The threshold for having to register varies between member states. It is currently around £70,000 in the UK but can be lower in other territories. A UK supplier would be able to apply the zero rate on sales up to the threshold in the destination country, but then would be required to register and account for VAT in the member state of the customer. Suppliers in other member states could be looking greedily at the UK market with one eye on making extra profits. If they can retain their cover price and control distribution costs, then they could look to take advantage of the UK zero rate for magazines and periodicals.

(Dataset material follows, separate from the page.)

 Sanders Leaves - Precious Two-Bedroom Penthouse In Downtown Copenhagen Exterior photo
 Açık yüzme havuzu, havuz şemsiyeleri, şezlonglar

For example, a UK supplier wishing to sell magazines directly to readers in Germany from another EU member state would be able to apply the zero VAT rate until the values reached EUR 100,000 in a year, however after that threshold has been exceeded he would be required to register for VAT in Germany and account for further sales at the German VAT rate of 7%. On the other hand, a German supplier would have to account for 7% German VAT on sales to UK readers from another member state up a value of £70,000 in a year, after which he could legitimately register for UK VAT and charge VAT at the zero rate.
Leveling the Playing Field
Publishers and distributors with pan European markets are increasingly considering indirect tax as a driver in their decisions on strategic entry into new markets and sales territories. Whether they choose to use a non-EU fulfilment location or look to take advantage of the lower VAT rates in other territories, the options are many and varied. The Danish example clearly shows that, although tax is an important consideration, when taken to extremes it can cause problems both to local tax authorities and of course to the local market itself.

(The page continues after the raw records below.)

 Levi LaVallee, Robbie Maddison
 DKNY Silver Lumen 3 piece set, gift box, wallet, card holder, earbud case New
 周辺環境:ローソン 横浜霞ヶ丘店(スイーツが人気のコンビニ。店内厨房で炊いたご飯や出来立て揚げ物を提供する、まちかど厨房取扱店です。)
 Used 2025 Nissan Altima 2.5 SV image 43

The question I am regularly asked is whether we will ever see a harmonisation of VAT rates across the 25 member states which would in part eliminate some of the arguments and issues here. The stark reality is that this is unlikely to happen imminently. Those countries with positive VAT rates will be keen to preserve their tax revenues whereas those with a zero rate, like the UK, will be conscious that adding VAT would be a politically unpopular move and they could expect a backlash from the industry. In addition to all this, all member states are constrained by the framework of the European legislation itself and no member state has complete flexibility as to the rate that it charges either on physical or digital publications.
What Next
So we are left with a distorted single market. The availability of the low value relief, as demonstrated in Denmark, adds further complications as the EU does not exist in a vacuum, free from outside sales pressures and fulfilment options.

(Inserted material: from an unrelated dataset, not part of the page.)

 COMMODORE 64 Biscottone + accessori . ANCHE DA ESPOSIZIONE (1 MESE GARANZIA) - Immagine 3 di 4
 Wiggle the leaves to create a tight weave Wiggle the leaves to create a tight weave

It is clearly too simplistic to compare the various VAT rates across the EU and the potential availability of the low value relief when deciding on potential viable new sales territories. That being the case, while the distortion exists, some businesses will inevitably look to obtain a favourable outcome where possible and to use the distortions to their commercial advantage as long as this remains within the boundaries of the law. The Aland Islands episode required a change in the law to protect the Danish market and the concern is that other markets may soon find themselves under similar pressures.